(Caption-style text data)
::::
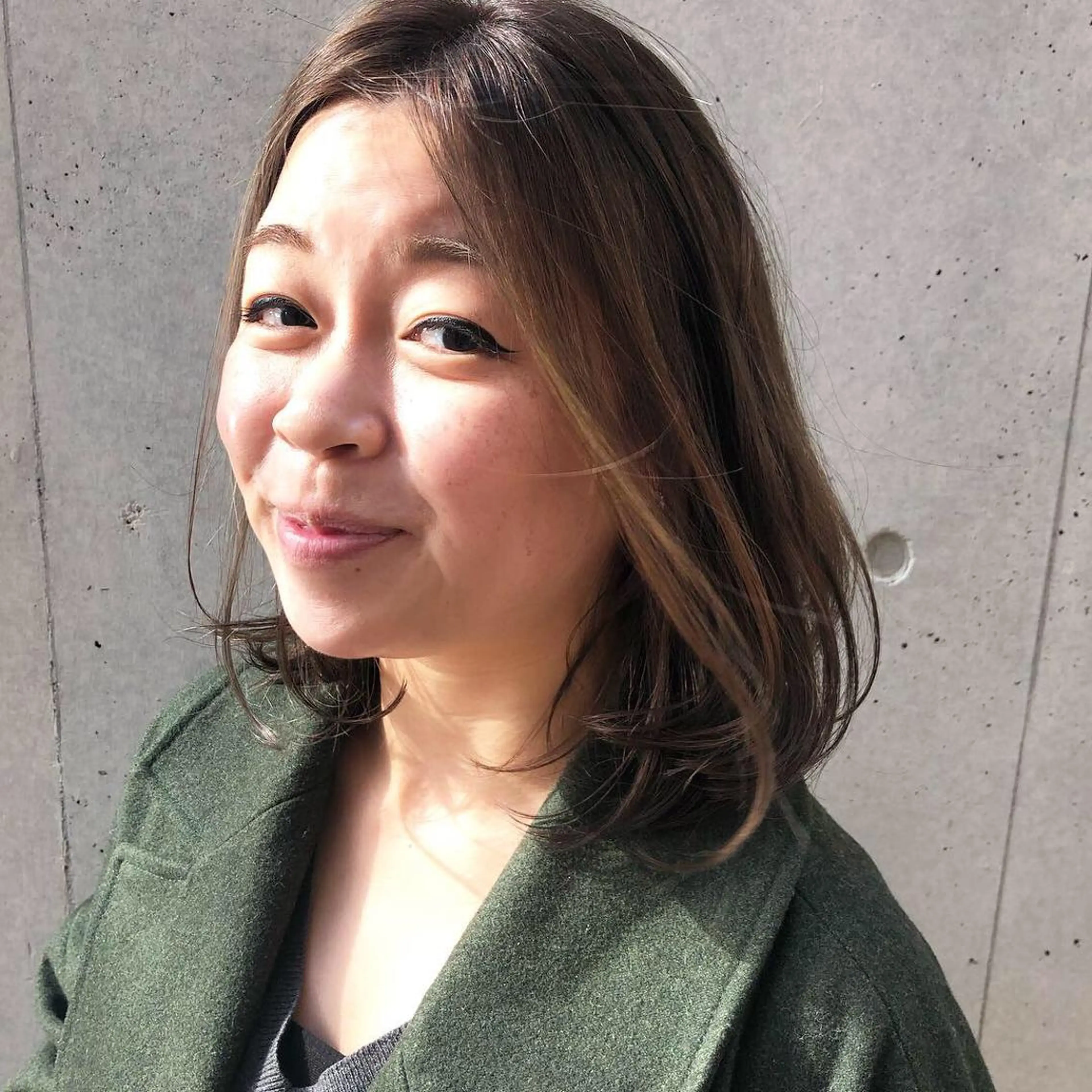 ミディアム カラー パーマ ヘアアレンジ 【白髪ぼかし 専門GBG】自由が丘のヘアスタイル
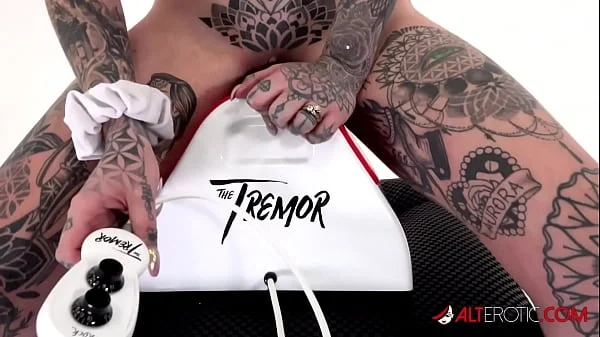 Tattooed Amber Luke rides the tremor for the first time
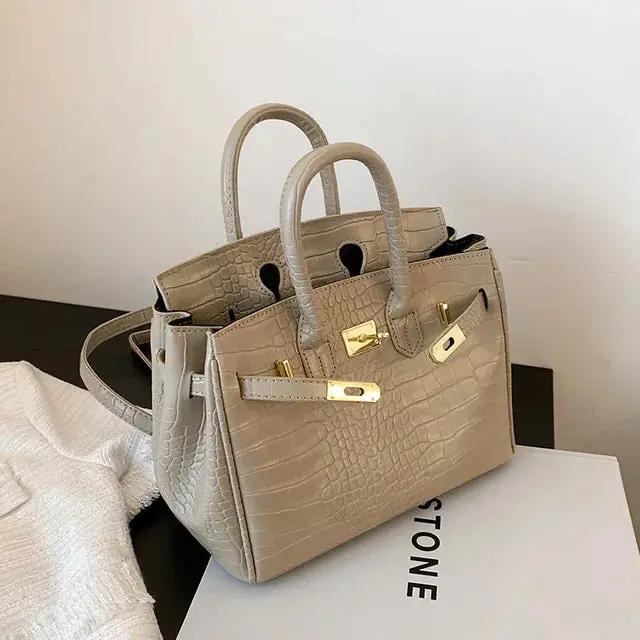Elegant Handbag for Women – Spacious & Versatile Design - Image 3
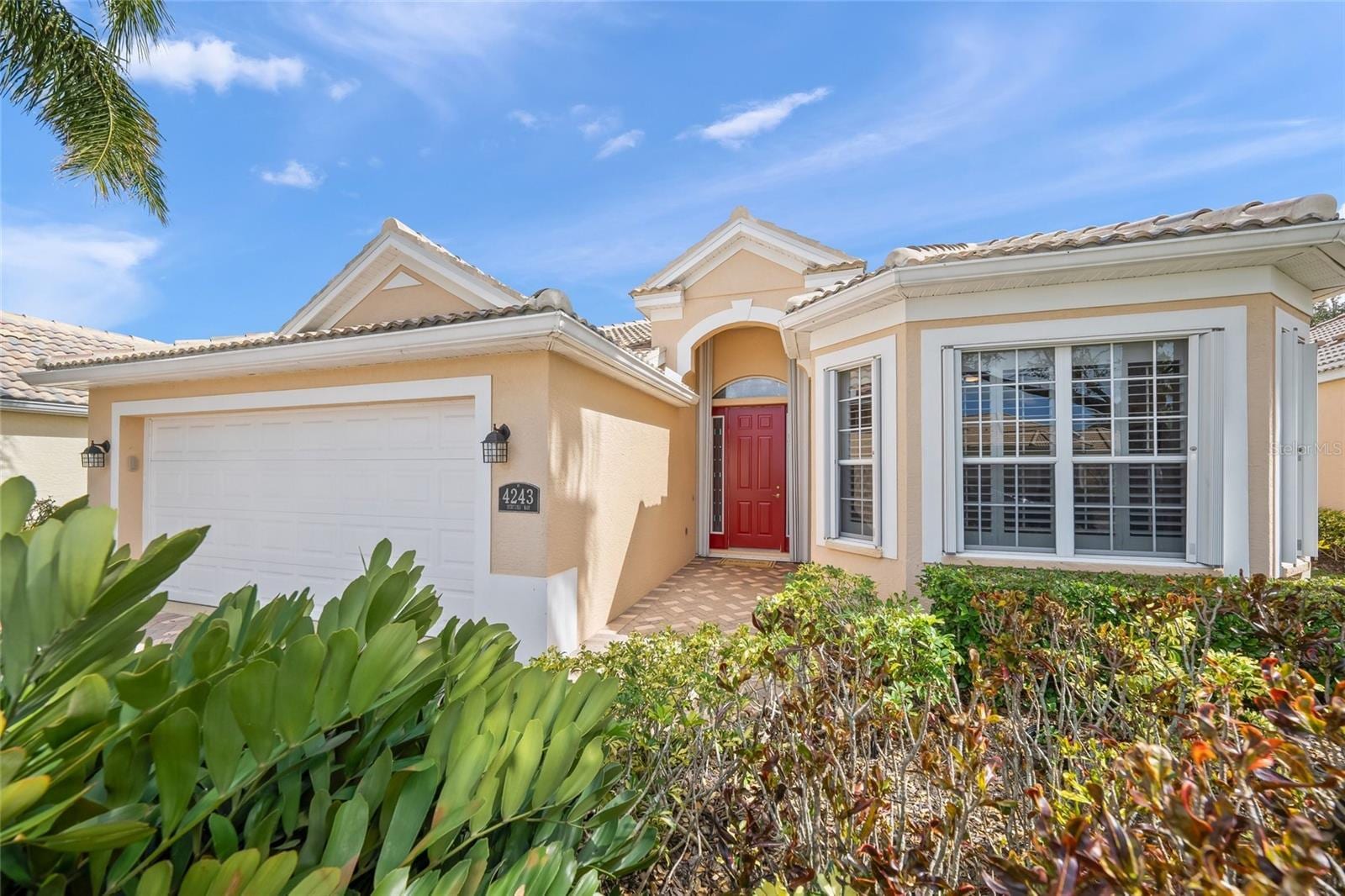 4243 Miriana Way photo 3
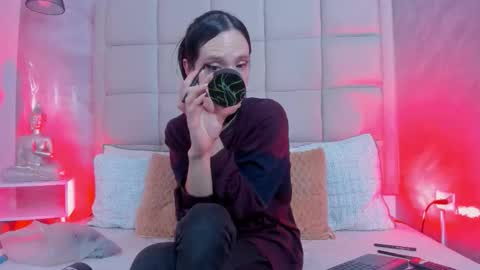 Snapshot of hecate1_ chatting on November 2025 08:11:01 PM Keira Hecate online show from November 2025 08:11:01 PM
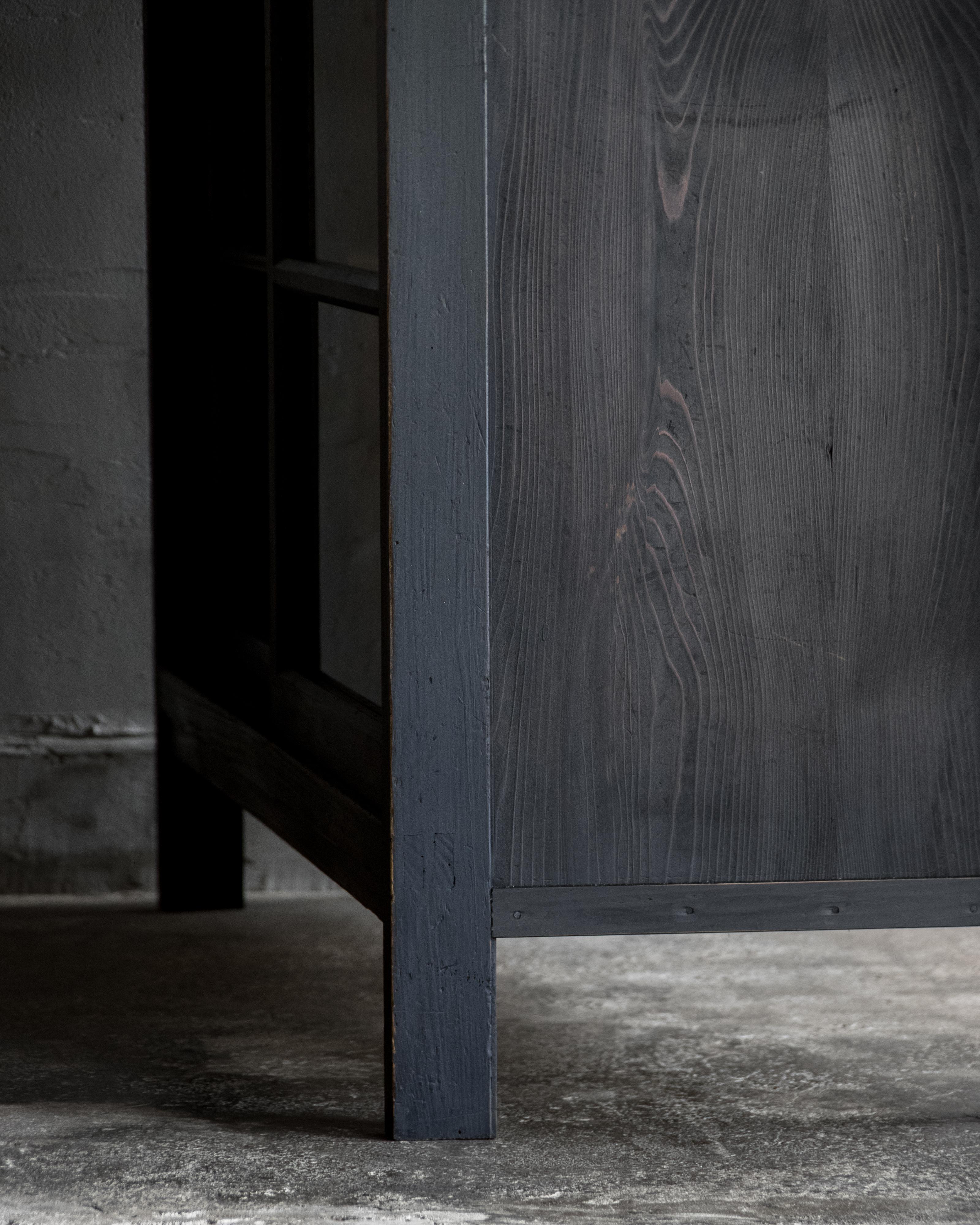 Japanese Vintage Glass Sliding-Door Cabinet on Legs, Early Showa Period (1926–) For Sale 8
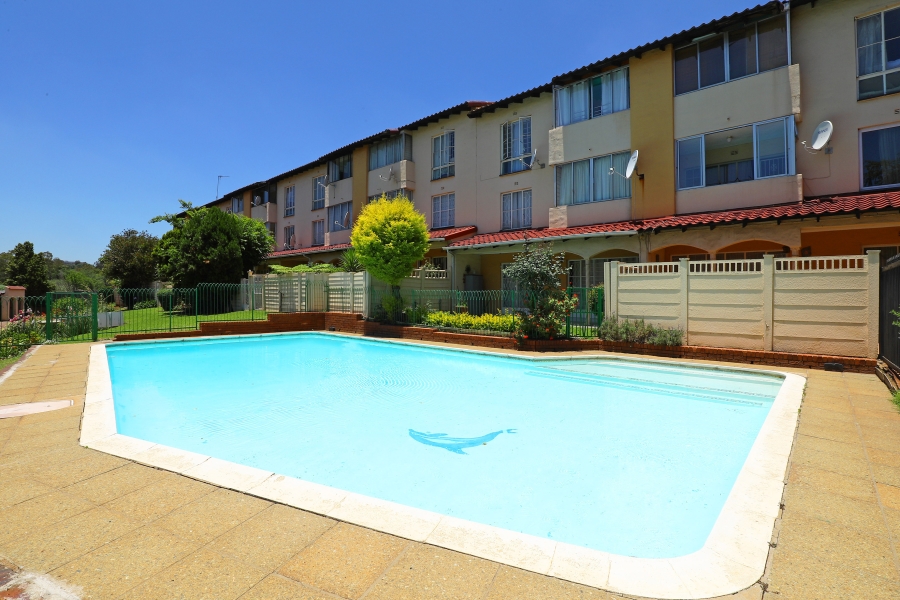 3 Bedroom Property for Sale in Corlett Gardens Gauteng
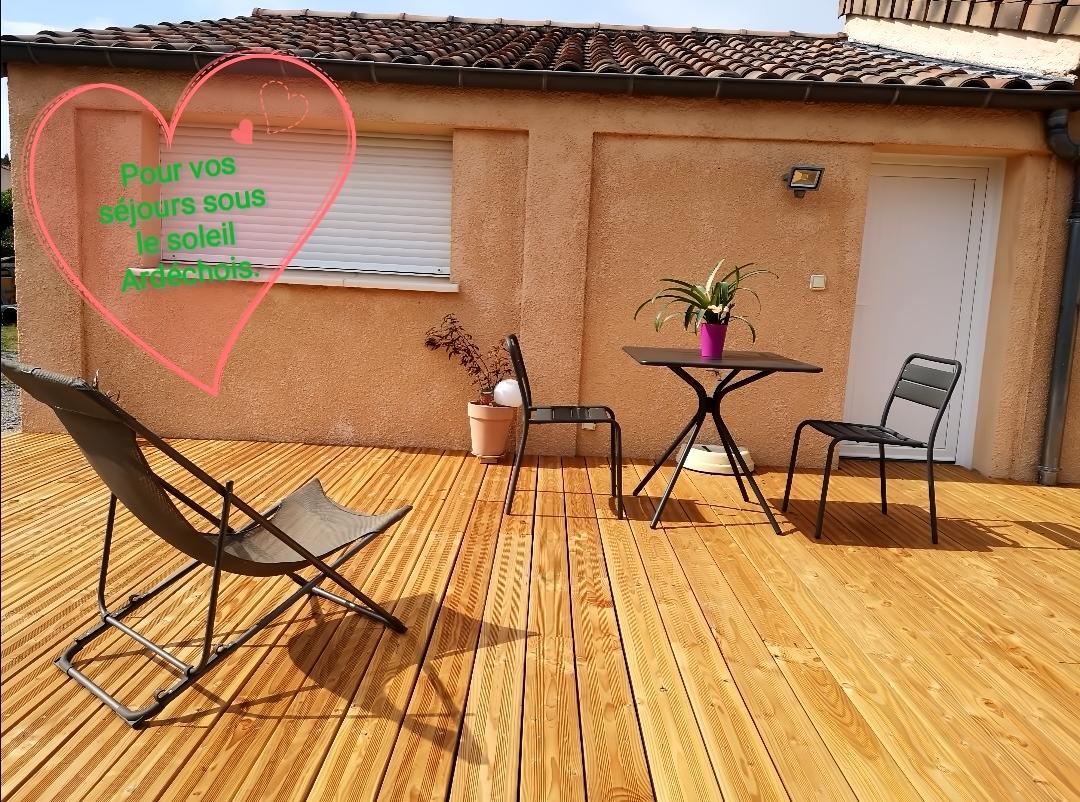 Popular Airbnb listing: Comfortable room, "welcome" in Aubenas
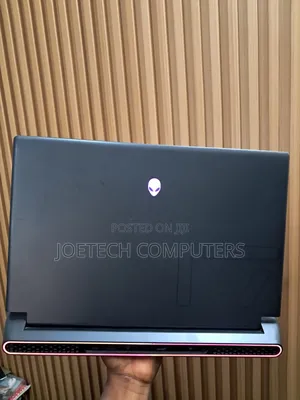 Laptop Alienware m17 R5 16GB AMD Ryzen 9 SSD 1T
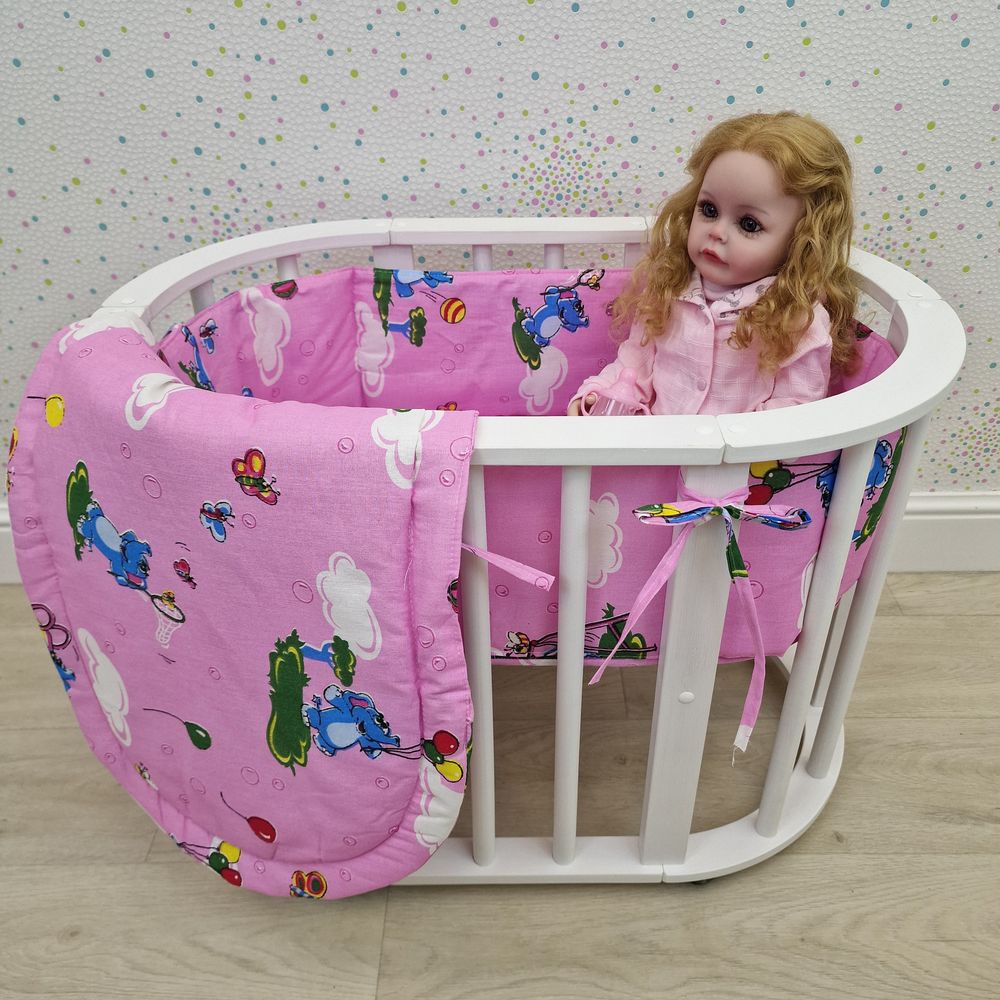 Картинка Комплект постельного белья в кукольную кроватку (4 предмета, цельный/бязь) (№КуклКПБ6) цвета в ассортименте от магазина Мир детей Товары для Новорожденных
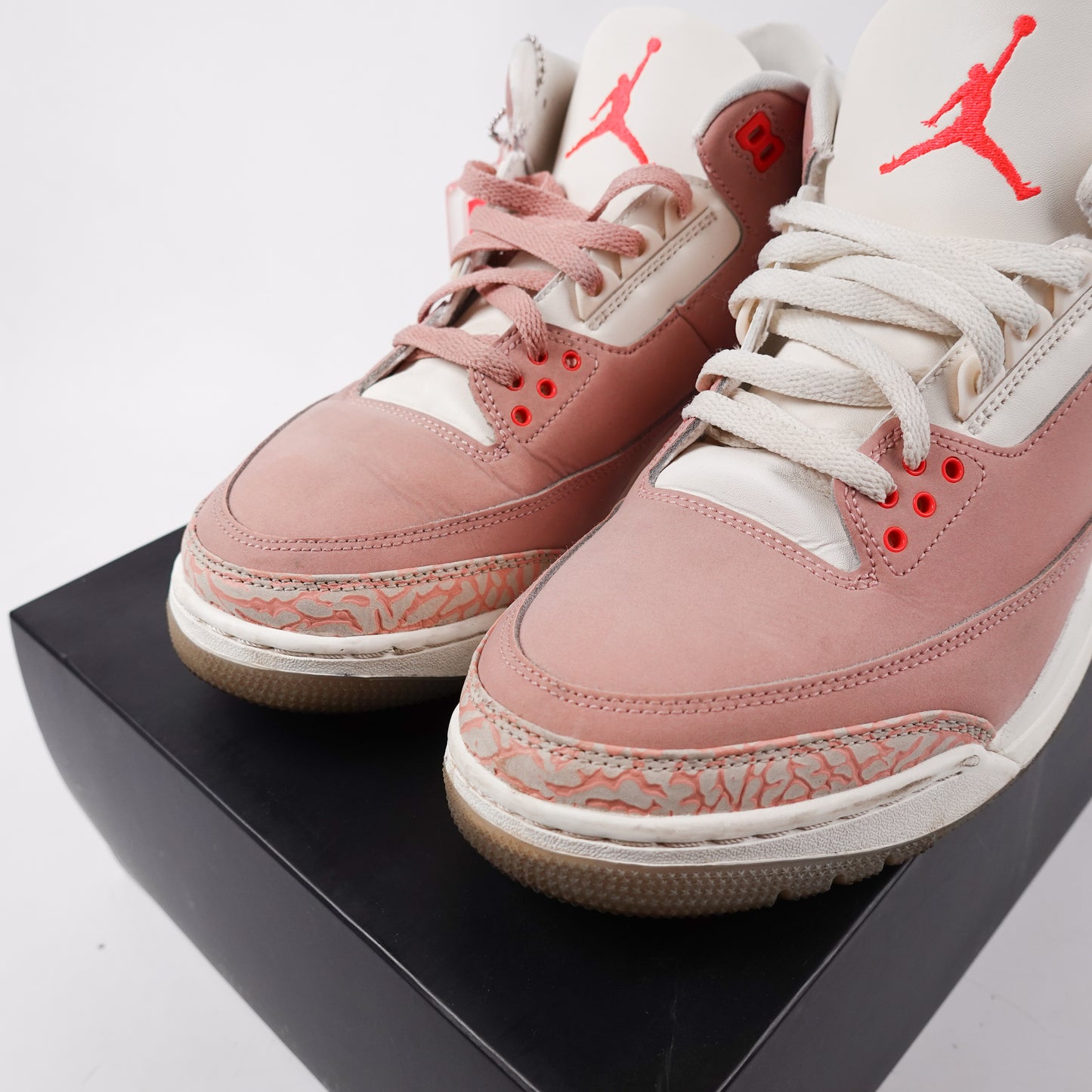 Jordan 3 Rust Pink - Size 10.5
::::
Reproduce all the entries that precede this task, word for word, minus any pictures.

 ミディアム カラー パーマ ヘアアレンジ 【白髪ぼかし 専門GBG】自由が丘のヘアスタイル
 Tattooed Amber Luke rides the tremor for the first time
Elegant Handbag for Women – Spacious & Versatile Design - Image 3
 4243 Miriana Way photo 3
 Snapshot of hecate1_ chatting on November 2025 08:11:01 PM Keira Hecate online show from November 2025 08:11:01 PM
 Japanese Vintage Glass Sliding-Door Cabinet on Legs, Early Showa Period (1926–) For Sale 8
 3 Bedroom Property for Sale in Corlett Gardens Gauteng
 Popular Airbnb listing: Comfortable room, "welcome" in Aubenas
 Laptop Alienware m17 R5 16GB AMD Ryzen 9 SSD 1T
 Картинка Комплект постельного белья в кукольную кроватку (4 предмета, цельный/бязь) (№КуклКПБ6) цвета в ассортименте от магазина Мир детей Товары для Новорожденных
 Jordan 3 Rust Pink - Size 10.5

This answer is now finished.